When it's time to show your trained models to the world you'll need to choose one or more deployment options. Fortunately, TensorFlow offers the tools and frameworks you'll need to deploy your models for a wide range of use cases.
Machine Learning (ML) serving systems need to support model versioning (for model updates with a rollback option) and multiple models (for A/B testing), while ensuring that concurrent models achieve high throughput on hardware accelerators (GPUs and TPUs) with low latency. TensorFlow Serving is currently handling tens of millions of inferences per second for 1100+ of Google projects, including Google’s Cloud ML Prediction.
TensorFlow Extended (TFX)
When you’re ready to go beyond training a single model, or ready to put your amazing model to work and move it to production, TFX is there to help you build a complete ML pipeline.

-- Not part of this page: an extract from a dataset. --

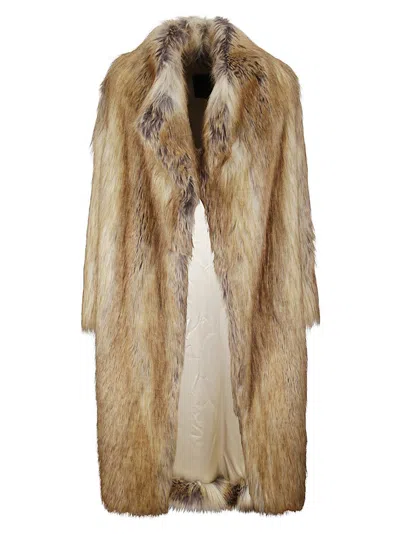 Bb Couture Brown Faux Fur Coat With Notched Lapels And Open-front Design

With a TFX pipeline you can continuously retrain and update your models, and manage your model versioning and life cycle. TFX gives you the tools to validate and transform new data, monitor model performance, perform A/B testing, serve your trained models, and more. With TFX, your models are ready for production.

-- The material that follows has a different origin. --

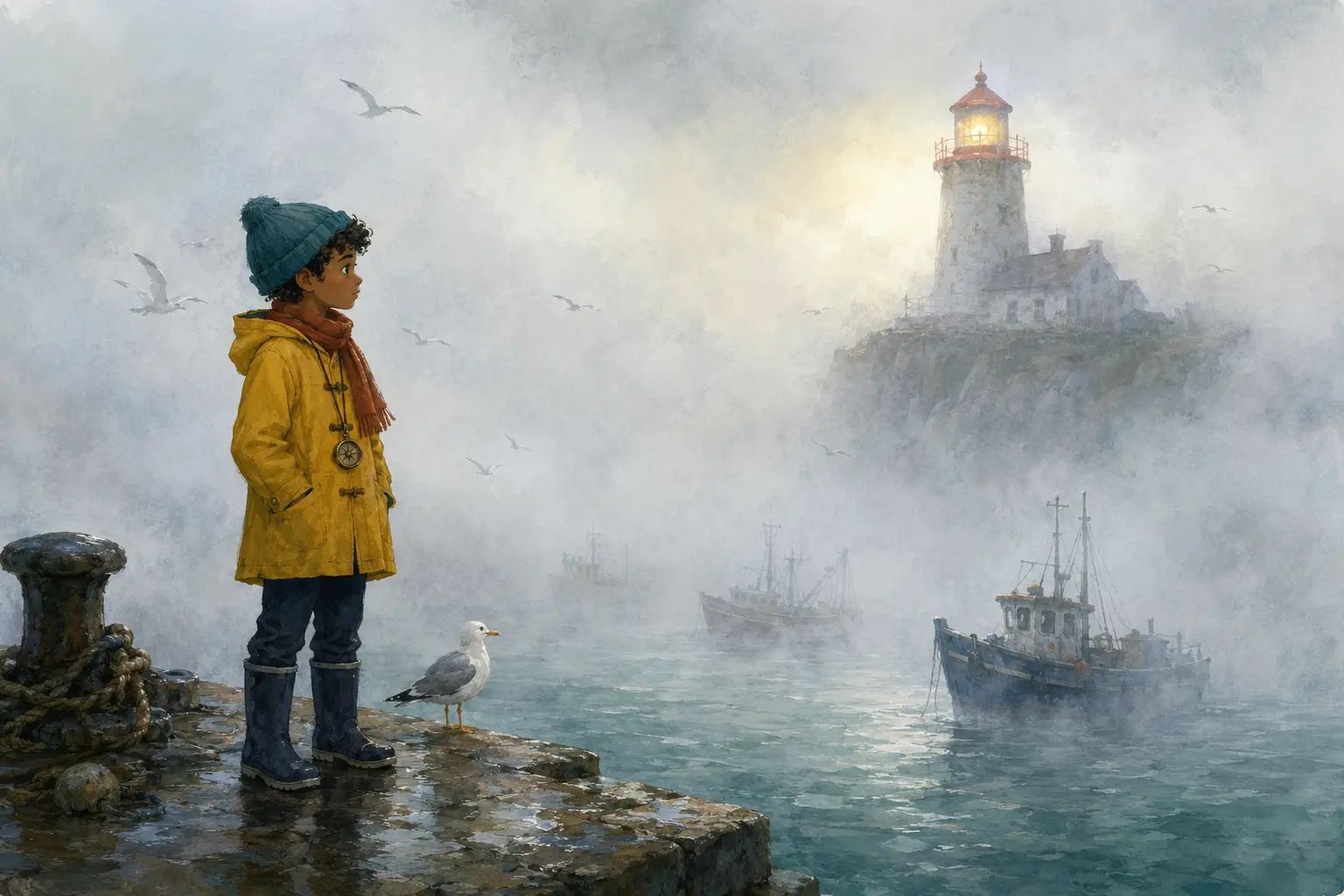 Sami in a yellow raincoat watches thick fog cover Bellweather Bay and its old lighthouse.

TensorFlow Lite is the official solution for
running machine learning models on mobile and embedded devices. It enables on
device machine learning inference with low latency and a small binary size on
Android, iOS, and other operating systems. Build a new model or retrain an
existing one, such as using transfer learning. Convert a TensorFlow model into a
compressed flat buffer with the TensorFlow Lite Converter. Take the compressed
.tflite file and load it into a mobile or embedded device.